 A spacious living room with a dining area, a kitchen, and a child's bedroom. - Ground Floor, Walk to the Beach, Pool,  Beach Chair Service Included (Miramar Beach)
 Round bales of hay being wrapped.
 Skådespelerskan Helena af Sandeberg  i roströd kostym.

• • • •

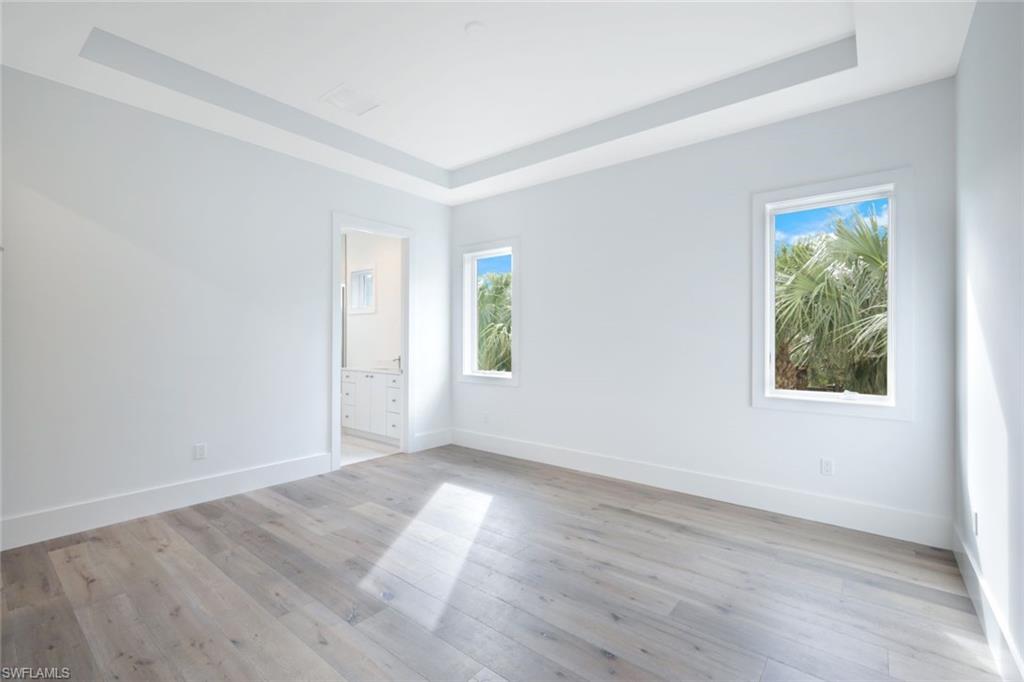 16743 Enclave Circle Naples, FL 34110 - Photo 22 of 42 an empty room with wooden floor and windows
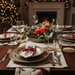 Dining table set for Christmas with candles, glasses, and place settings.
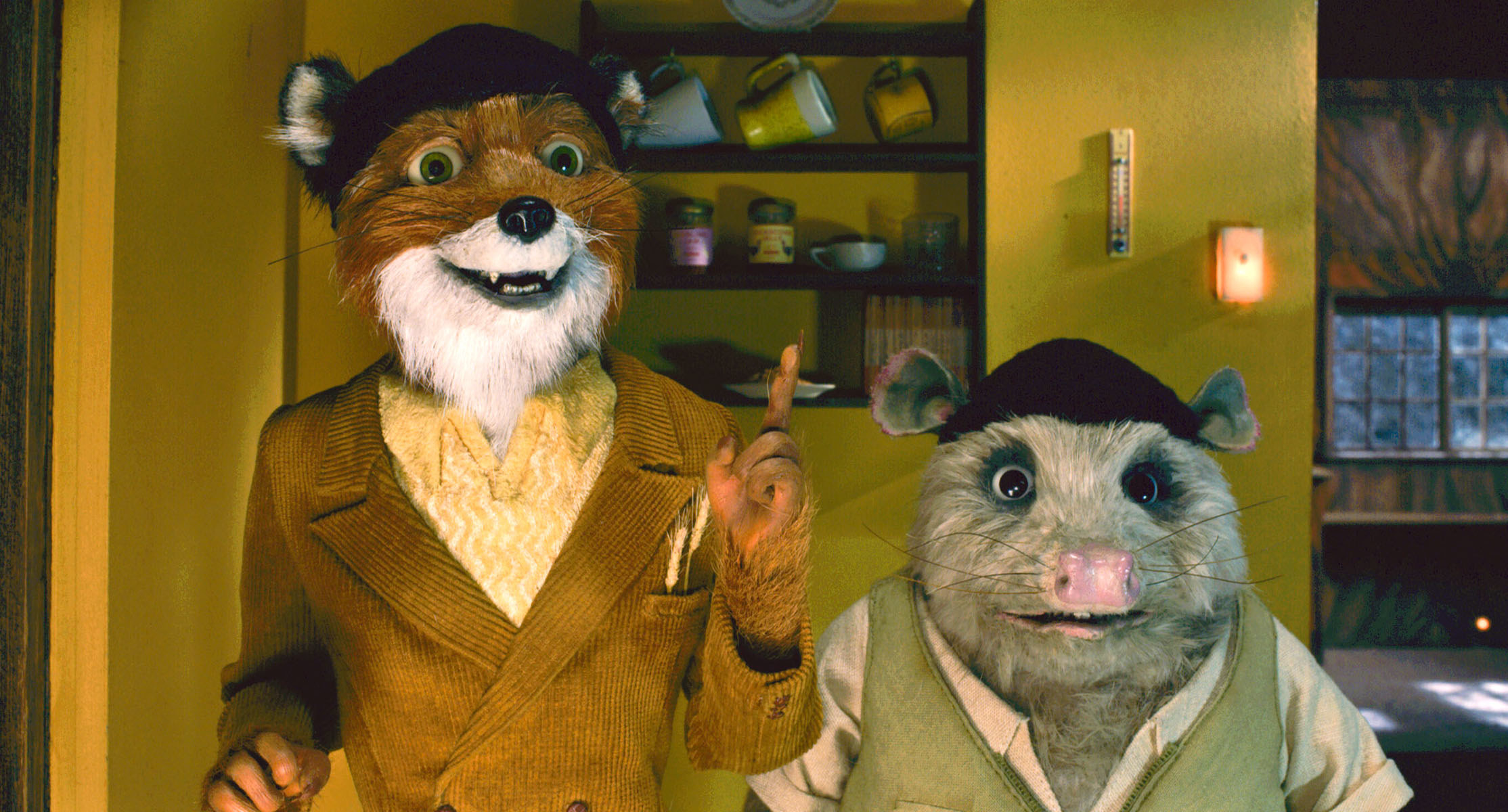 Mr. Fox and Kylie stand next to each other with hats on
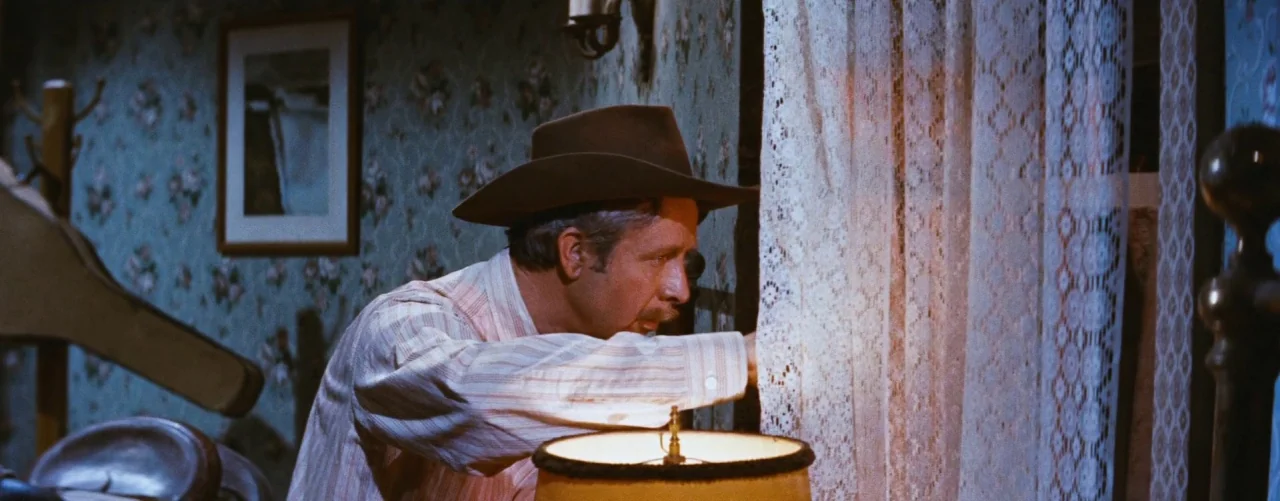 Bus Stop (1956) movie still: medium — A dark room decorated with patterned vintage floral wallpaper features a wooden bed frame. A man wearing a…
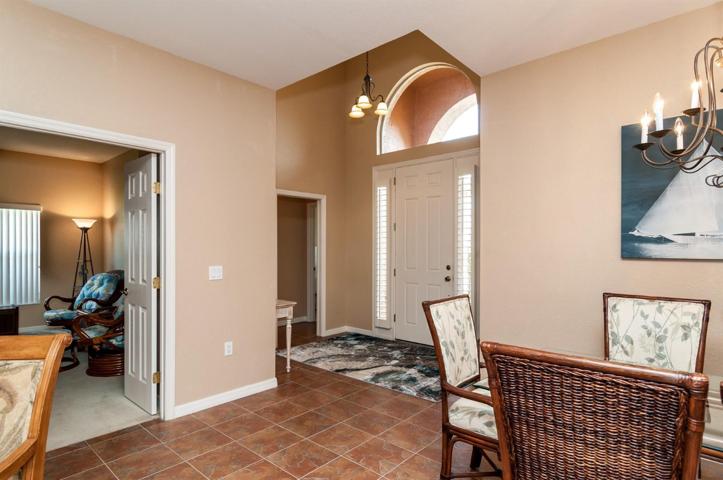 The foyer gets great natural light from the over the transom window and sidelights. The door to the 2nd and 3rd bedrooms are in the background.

• • • •

* _Work to complete_: Copy exactly the stretch of data above from the line with "A spacious living" through the line with "Skådespelerskan Helena af", and omit all other lines.

* _Worked solution_:
 A spacious living room with a dining area, a kitchen, and a child's bedroom. - Ground Floor, Walk to the Beach, Pool,  Beach Chair Service Included (Miramar Beach)
 Round bales of hay being wrapped.
 Skådespelerskan Helena af Sandeberg  i roströd kostym.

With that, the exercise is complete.